***** Supplied records *****

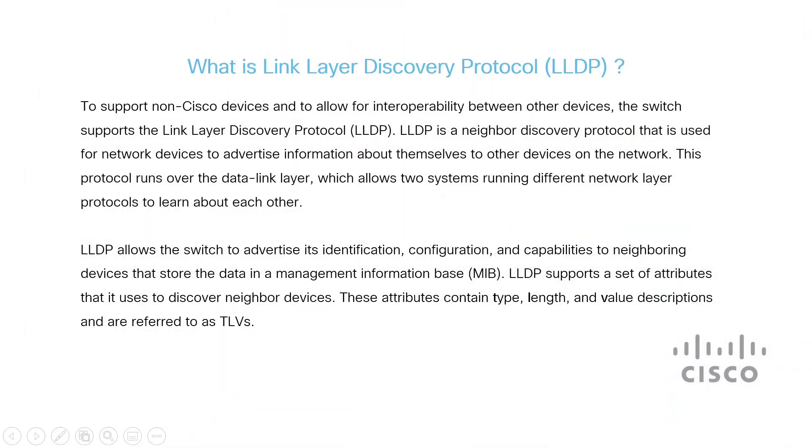LLDP is a neighbor discovery protocol used by network devices to advertise information about themselves to other devices on the network. The protocol runs over the data link layer, which is how two systems running different network layer protocols learn about each other.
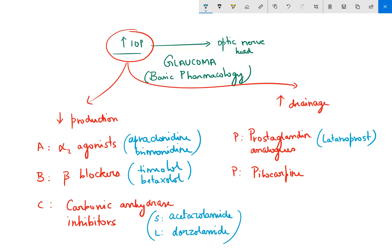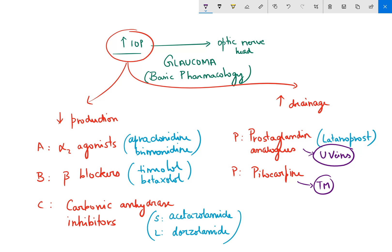When we talk about drugs that increase drainage, you also need to know how they do it. Pilocarpine increases drainage by opening up the trabecular meshwork. Prostaglandins dilate the uveoscleral veins, which carry the excess aqueous humor, thereby decreasing intraocular pressure. I remember this as: 'pilot' — pilocarpine → trabecular meshwork; and 'love' — latanoprost → uveoscleral veins.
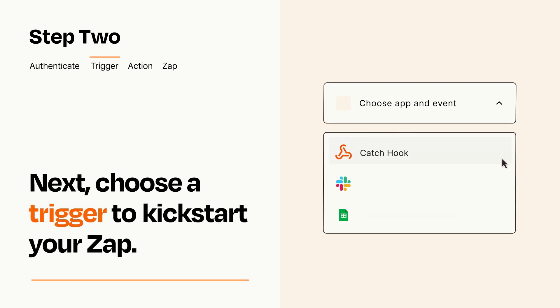Now let's set up your trigger, which is the event that starts your Zap. Pick the trigger event that you want from the list.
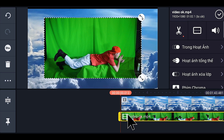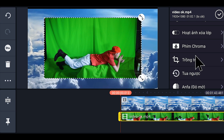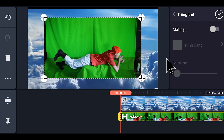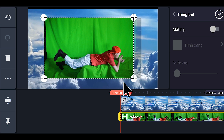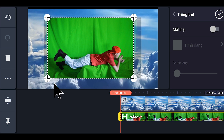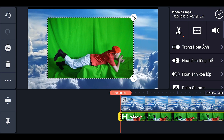Bây giờ chúng ta sẽ loại bỏ hai cái viền đen này. Nhấp vào video, tiếp tục các bạn nhấp vào cái trồng trọt (crop). Xong chúng ta kéo hai cái thanh này vô, kéo cho mất hai cái viền đen. Và tiếp tục, bây giờ chúng ta sẽ xóa cái phong xanh này.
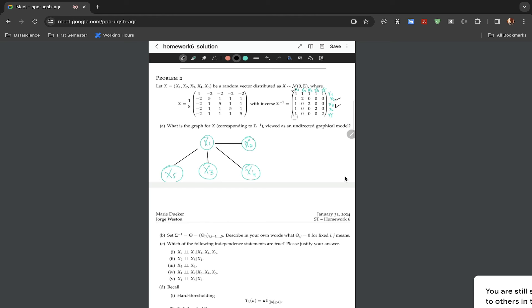Now we are done with x1, so we check x2. From x2 to x1: the line has already been drawn. Then from x2 to x3 it is 0, x2 to x4 is 0, and x2 to x5 is 0, so we do not draw those lines. If you go through all columns one by one, you get the final solution for part a.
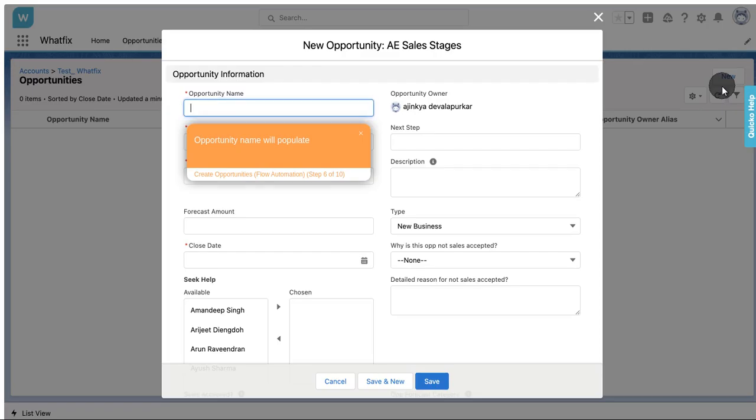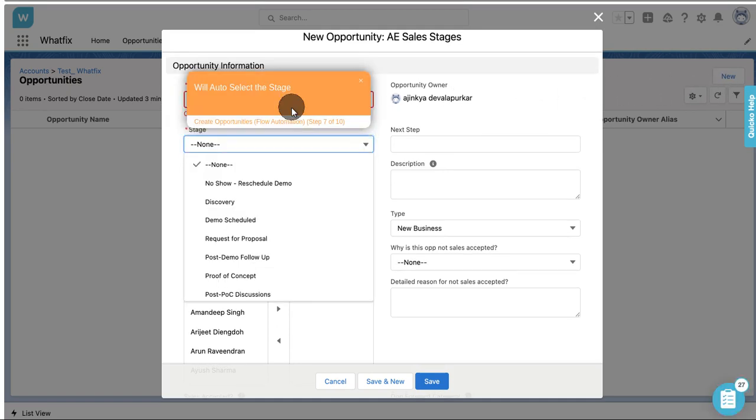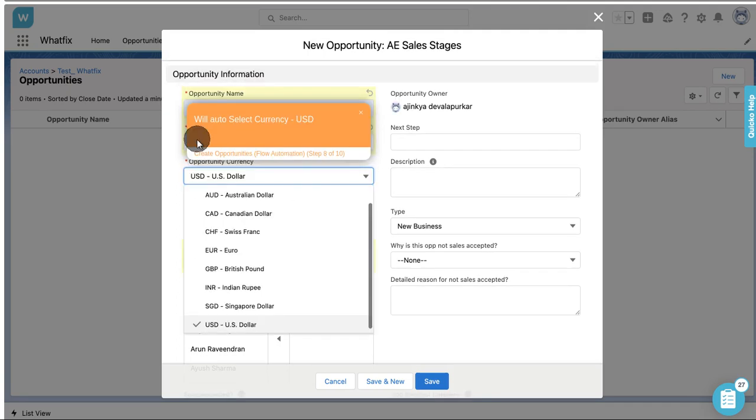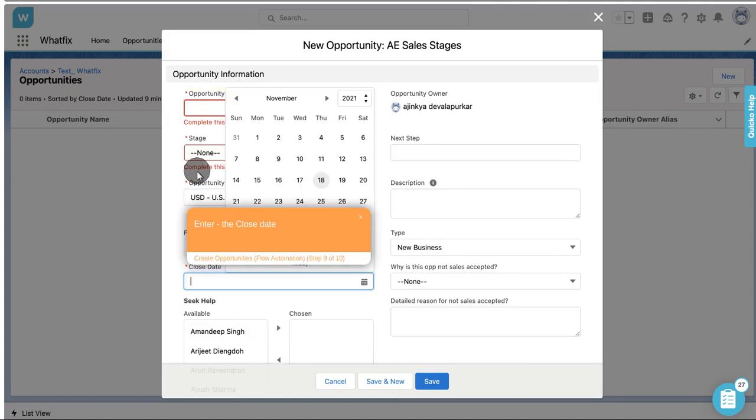Opportunity name will populate. Will auto select the stage. Will auto select currency, USD. Enter the close date.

*****

**What is needed:** Print every entry exactly as written, without the pictures.

**Task result:**
LLDP is a neighbor discovery protocol used by network devices to advertise information about themselves to other devices on the network. The protocol runs over the data link layer, which is how two systems running different network layer protocols learn about each other.
When we talk about drugs that increase drainage, you also need to know how they do it. Pilocarpine increases drainage by opening up the trabecular meshwork. Prostaglandins dilate the uveoscleral veins, which carry the excess aqueous humor, thereby decreasing intraocular pressure. I remember this as: 'pilot' — pilocarpine → trabecular meshwork; and 'love' — latanoprost → uveoscleral veins.
Now let's set up your trigger, which is the event that starts your Zap. Pick the trigger event that you want from the list.
Bây giờ chúng ta sẽ loại bỏ hai cái viền đen này. Nhấp vào video, tiếp tục các bạn nhấp vào cái trồng trọt (crop). Xong chúng ta kéo hai cái thanh này vô, kéo cho mất hai cái viền đen. Và tiếp tục, bây giờ chúng ta sẽ xóa cái phong xanh này.
Now we are done with x1, so we check x2. From x2 to x1: the line has already been drawn. Then from x2 to x3 it is 0, x2 to x4 is 0, and x2 to x5 is 0, so we do not draw those lines. If you go through all columns one by one, you get the final solution for part a.
Opportunity name will populate. Will auto select the stage. Will auto select currency, USD. Enter the close date.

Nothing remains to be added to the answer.